The bill increases penalties and audit oversight to better protect federal meal funds and deter fraud, but it shifts costs and administrative burdens onto convicted individuals, taxpayers, and smaller program sponsors—potentially reducing participation and straining local program resources.
Low-income children in the Summer Food Service Program benefit from stronger fraud protection and faster oversight because independent annual audits and direct USDA reporting improve detection and correction of misused meal funds.
Taxpayers and federal programs gain stronger deterrence against theft and corruption because convicted offenders face substantially higher criminal penalties (longer prison terms and higher fines), which can discourage fraud involving federal funds.
Public coffers could recover larger monetary penalties from convicted defendants, increasing the likelihood of offsetting losses from theft or corruption of government funds.
Small schools, community sponsors, and nonprofits may face increased audit-related costs and administrative burdens that could divert staff time and funds away from meal delivery and make participation in the program harder or impossible for some sponsors.
People convicted under the expanded penalties risk substantially higher financial liability (including 'twice the value' calculations) that can cause severe financial hardship or bankruptcy for defendants and their families and may produce inconsistent or disproportionate outcomes.
Longer maximum prison terms for relevant offenses increase incarceration costs borne by taxpayers and raise the risk of harsher punishments for offenses that were previously capped at lower terms.
Based on analysis of 3 sections of legislative text.
Raises prison terms and statutory fines for fraud involving federal program funds and requires annual independent audits with direct reporting for summer food service institutions.

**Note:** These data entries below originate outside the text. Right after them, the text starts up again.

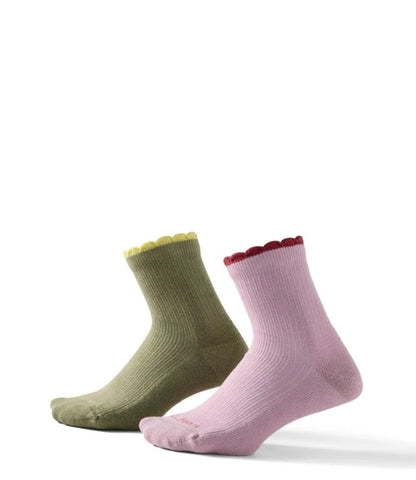 Women's Scalloped Edge Micro Crew Socks, 2-Pack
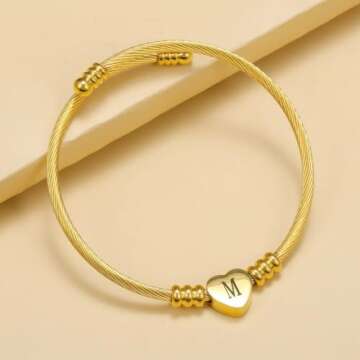 Initial Bracelets for Women Initial Bracelet Gold Bracelets for Women Gold Bracelet Dainty Gold Bracelet Non Tarnish Gold Bracelet Womens Bracelets Dainty Bracelets for Women Heart Bracelet Letter A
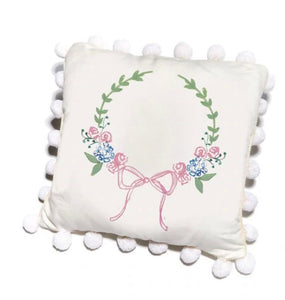 Over The Moon Pillow -Wreath w/ Pink Bow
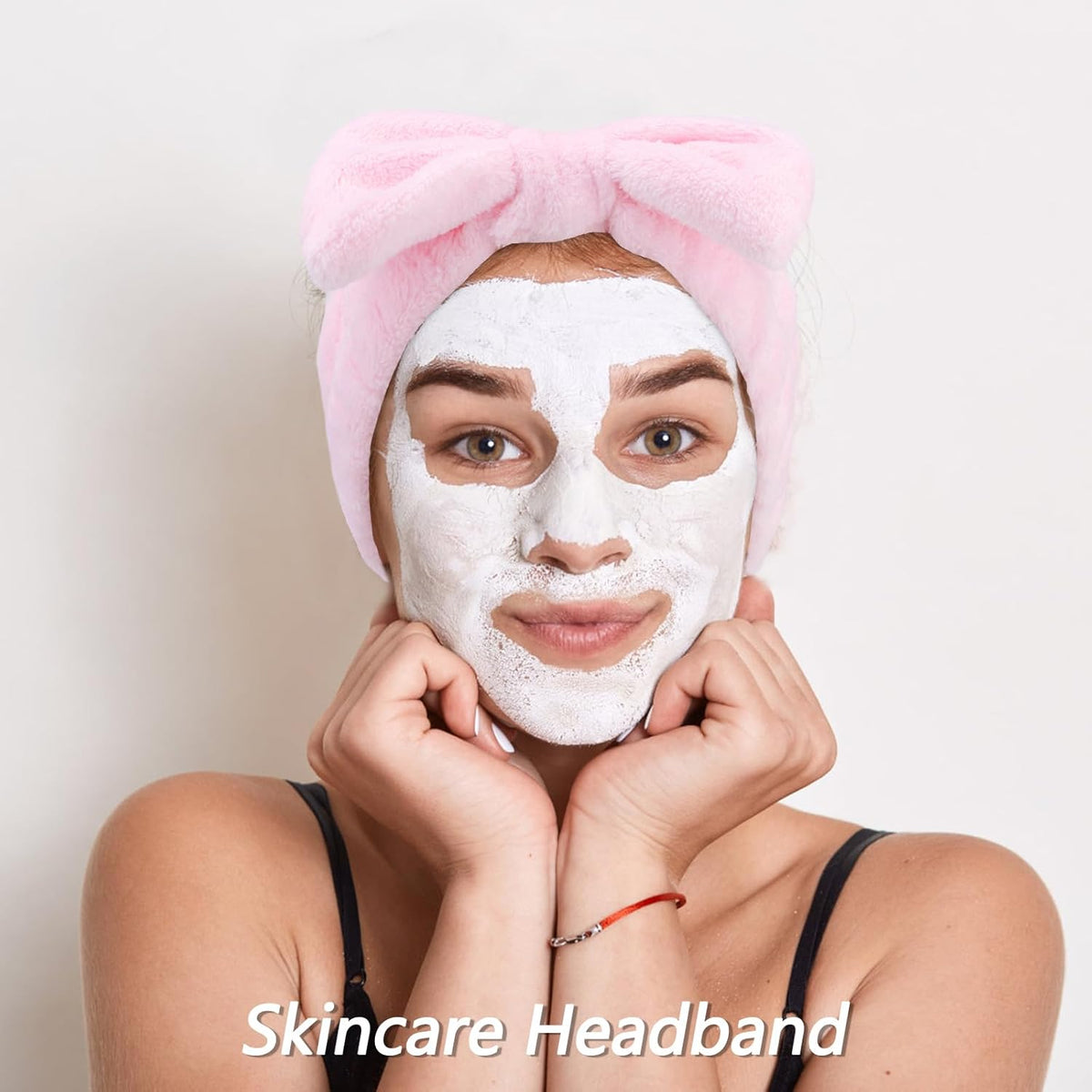 6 Pack Spa Headband, Makeup Headband, Face Wash Headbands, Skincare Headbands, Pink Sponge Hair Band Bow Tie Spa Head Band for Washing Face Wristband Set Hair Accessories for Women Girls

Introduced January 20, 2026 by Angela Craig · Last progress January 20, 2026
Raises criminal penalties and increases the maximum fine for theft, embezzlement, or fraud involving federal program funds, by changing the way fines are calculated and doubling the maximum prison term. It also requires every summer food service program institution to obtain an annual independent third-party audit of its accounts and records, and to have the auditor send results directly to the Secretary; the auditor cannot be the institution or its sponsor.